Los Angeles Sparks v Minnesota Lynx
Crystal Dangerfield hasn’t found the scoring stride that helped win her Rookie of the Year in 2020.
Photo by David Sherman/NBAE via Getty Images

Crystal Dangerfield (Minnesota Lynx)

Dangerfield played just 17 minutes as the Lynx’s starting point guard last Saturday, missing all four of her shots from the field and recording just two assists. Though Minnesota put away its opponent early, Dangerfield hadn’t been particularly productive in recent games, either, averaging 5.6 points and 1.6 assists over her past five.

Outlook: This is a problem that cropped up early in the 2021 season, and unless Dangerfield grows a few inches overnight, she continues to risk getting played off the floor by larger guards. Layshia Clarendon’s recent injury hasn’t opened up much of an opportunity for Dangerfield to return to her 2020 form, and given Minnesota head coach Cheryl Reeve’s sudden trust in Rachel Banham (13 points and eight assists on Saturday), Dangerfield isn’t looking like a very viable fantasy option at the moment.

Theresa Plaisance (Washington Mystics)

Plaisance saw just seven minutes of playing time for the second straight game in Washington’s blowout loss to Minnesota, scoring two points, grabbing two rebounds and recording two steals. It was the fewest minutes any healthy Mystics big not named Tina Charles played: Erica McCall started and played 19 minutes while Megan Gustafson played 12 minutes off the bench.

Outlook: Plaisance is rarely going to put up large stat lines, but she’s capable of both hitting 3-pointers and recording defensive stats, so it’s disappointing that she hasn’t been getting more burn in the absence of Elena Delle Donne and Myisha Hines-Allen. Her minutes have fluctuated wildly as of late — she played at least 20 minutes in three-consecutive games after playing just seven on Aug. 22 — so playing her in fantasy is a bit of a risk.

Betnijah Laney (New York Liberty)

Laney had what was perhaps her worst outing of the season last Thursday against Seattle, shooting just 1-of-4 from the field and turning the ball over a whopping nine times. It continued a concerning trend for Laney, whose scoring and field goal percentage have dropped every month since her torrid start to the season.

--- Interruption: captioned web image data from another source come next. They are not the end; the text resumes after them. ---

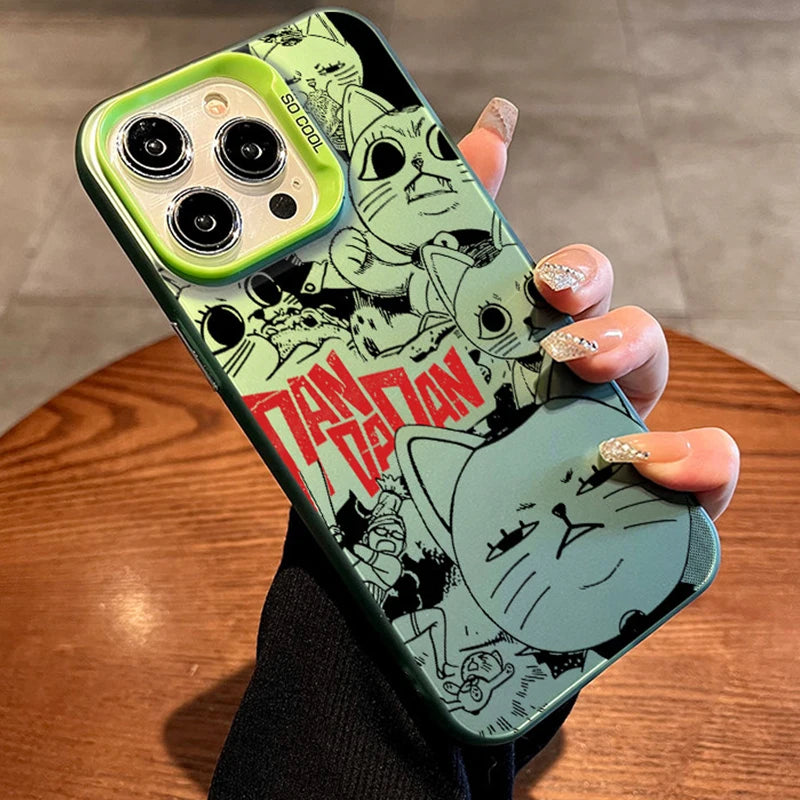 DandadanS Anime Hot New Frosted Phone Case for iPhone 17 Air 16 E 15 14 Plus 13 12 Mini 11 Pro Max Acrylic Sheet Silicone Cover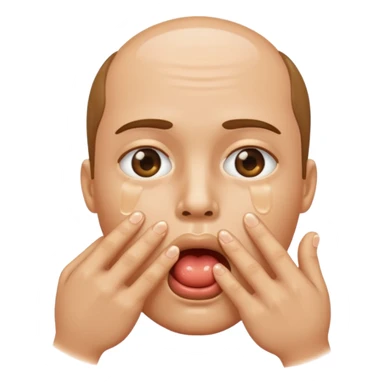 fingers inside mouth saliva sticker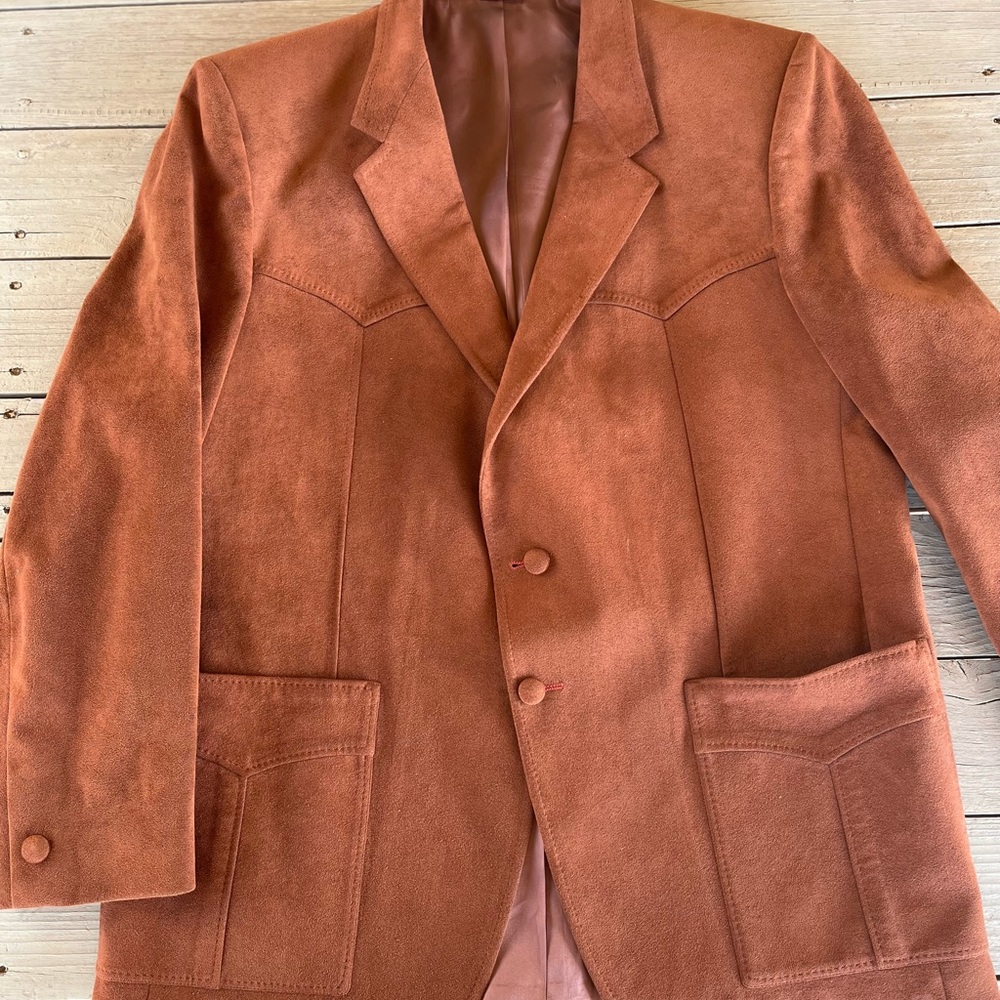 Vintage 90’s ultra suede jacket. Unique style. One of a kind.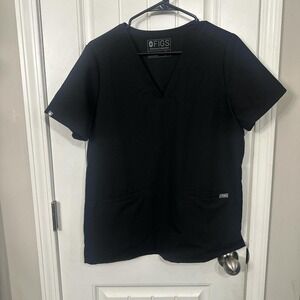 Black Figs medical scrub top PO 1404. M
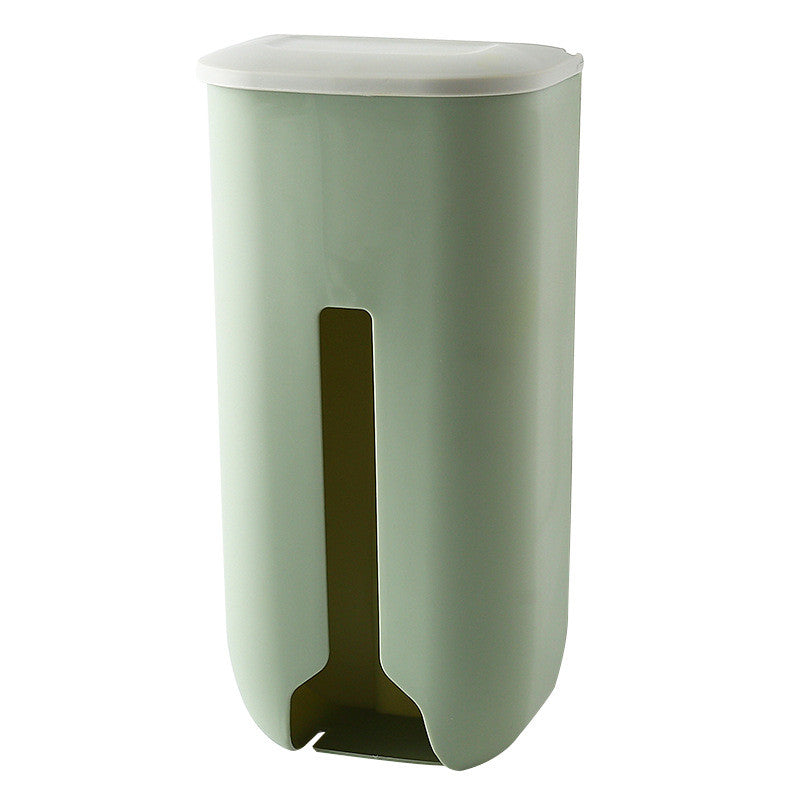 Wall Mounted Plastic Bag Storage Box Large Capacity Non Drilling
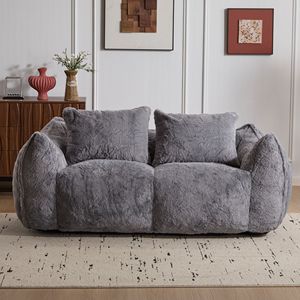 Divano Pouf Gigante Ultra Morbido e Soffice per Interni, Poltrona Oversize per Soggiorno, Chaise Longue con Imbottitura in EPS per Adulti - Product Image 2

Outlook: 2020’s Most Improved Player has had a rough go of it lately, though, to be fair, she’s far from the only Liberty player who has looked out of sync. Laney is still a fairly high-usage player who can make her presence felt in several ways, so don’t be turned off by this one game. Do be aware, however, that she’s been turnover-prone, making for some frustrating lines.